Problem statement: Return the lines that run from the beginning of the entries to the line holding "Comptage de pesos", inclusive, and drop the pictures.

Data entries:

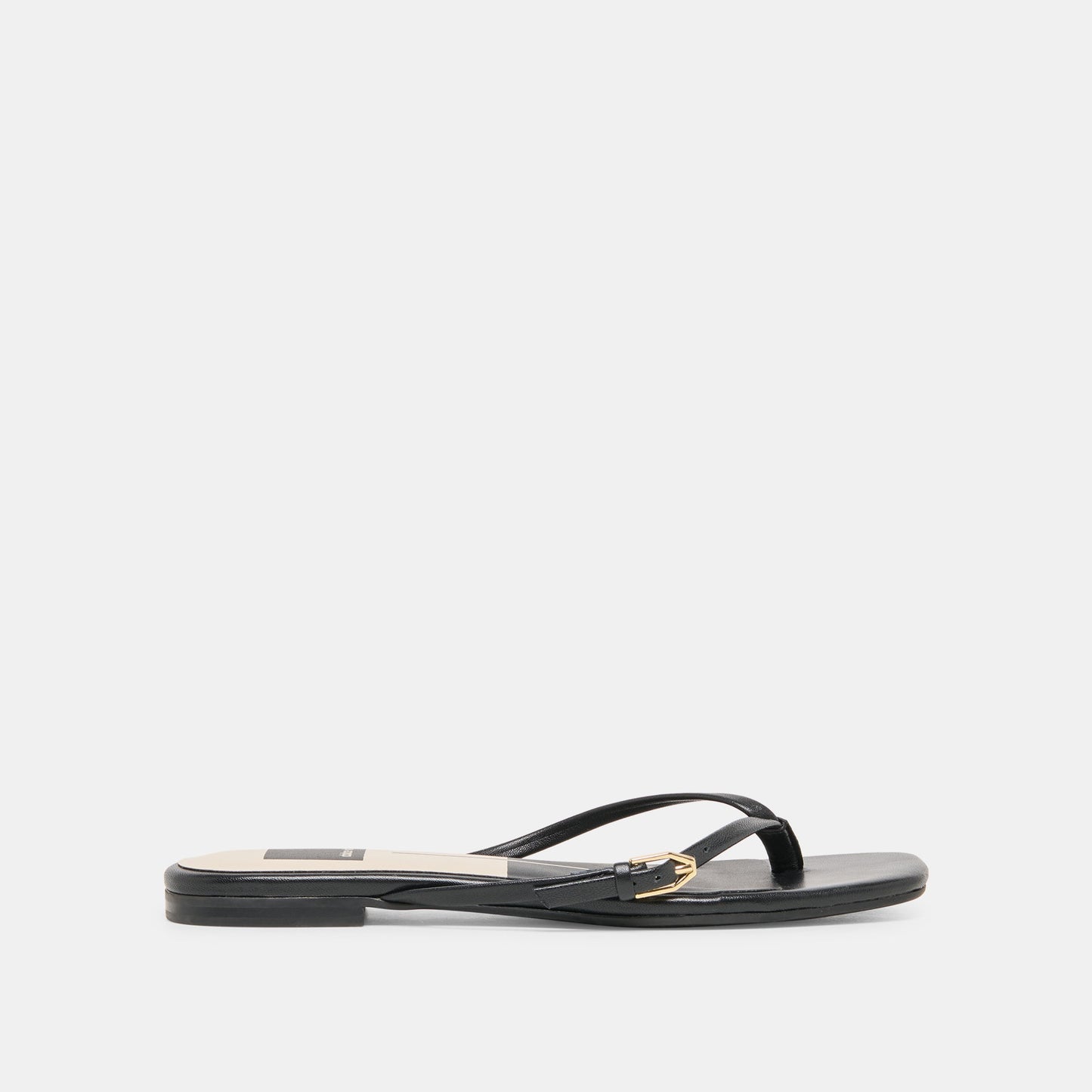 Dolce Vita MALTA Black Leather Buckle Flip-Flop Sandals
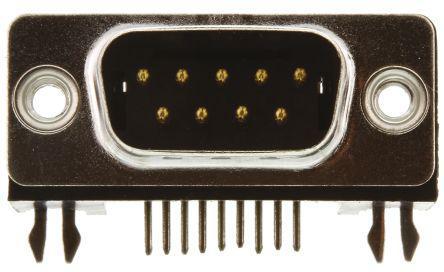 1-1634580-2 TE Connectivity AMPLIMITE HD-20 Series, 9 Way Right Angle Through Hole PCB D-sub Connector Plug, 2.77mm Pitch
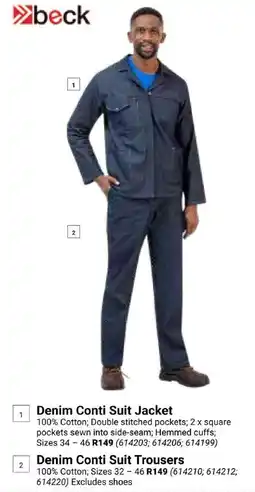 Builders Express Beck Denim Conti Suit Jacket or Denim Conti Suit Trousers offer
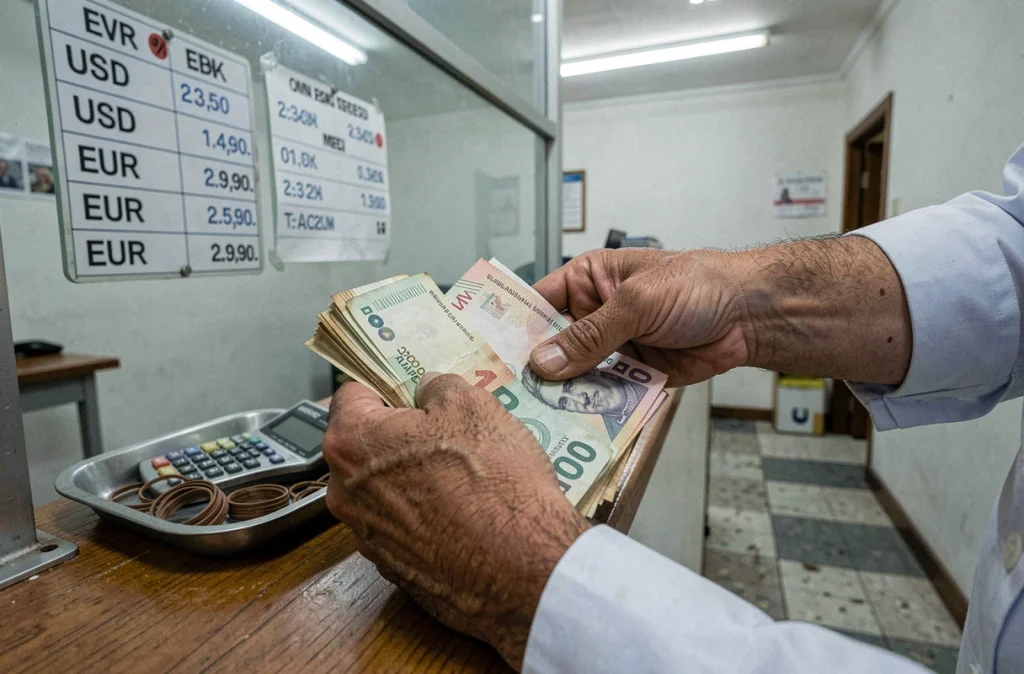 Comptage de pesos argentins dans un bureau de change à Buenos Aires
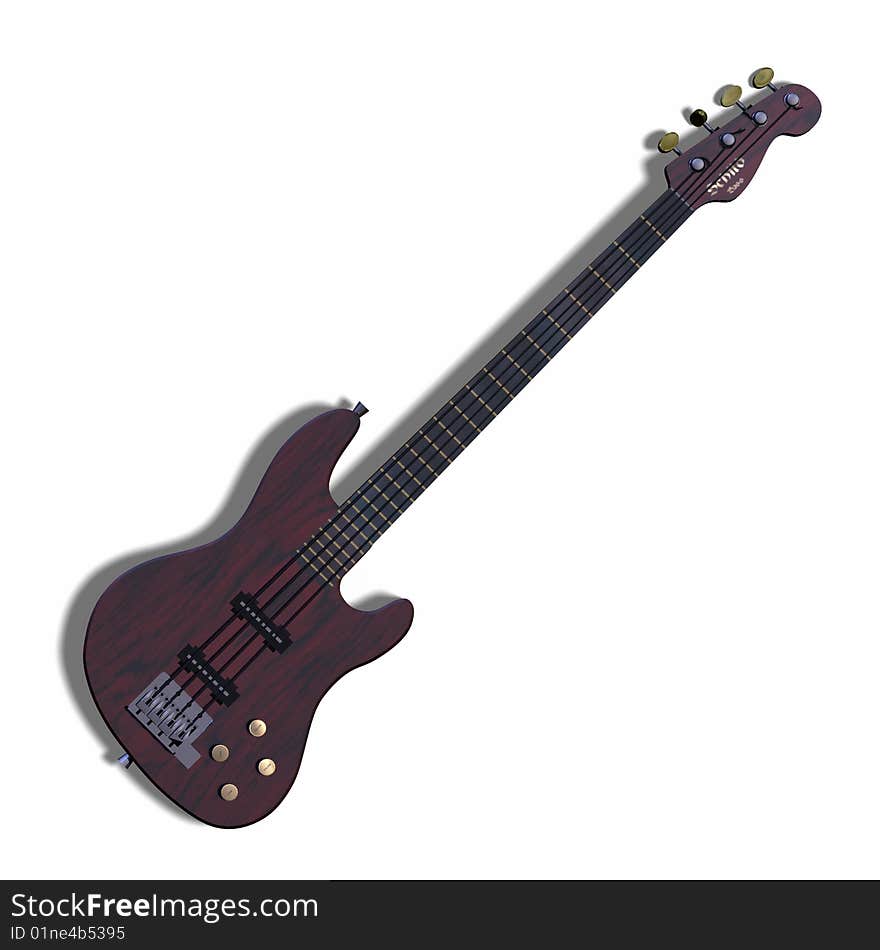 Image Of Electric Bass With Shadow And Clipping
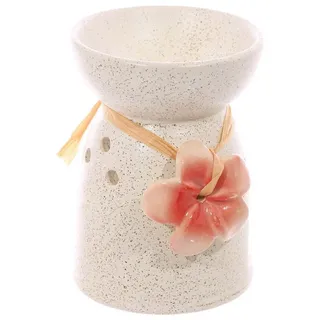 Duftlampe Keramik mit Blume - Creme Rot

Answer to this exercise:
 Dolce Vita MALTA Black Leather Buckle Flip-Flop Sandals
 1-1634580-2 TE Connectivity AMPLIMITE HD-20 Series, 9 Way Right Angle Through Hole PCB D-sub Connector Plug, 2.77mm Pitch
 Builders Express Beck Denim Conti Suit Jacket or Denim Conti Suit Trousers offer
 Comptage de pesos argentins dans un bureau de change à Buenos Aires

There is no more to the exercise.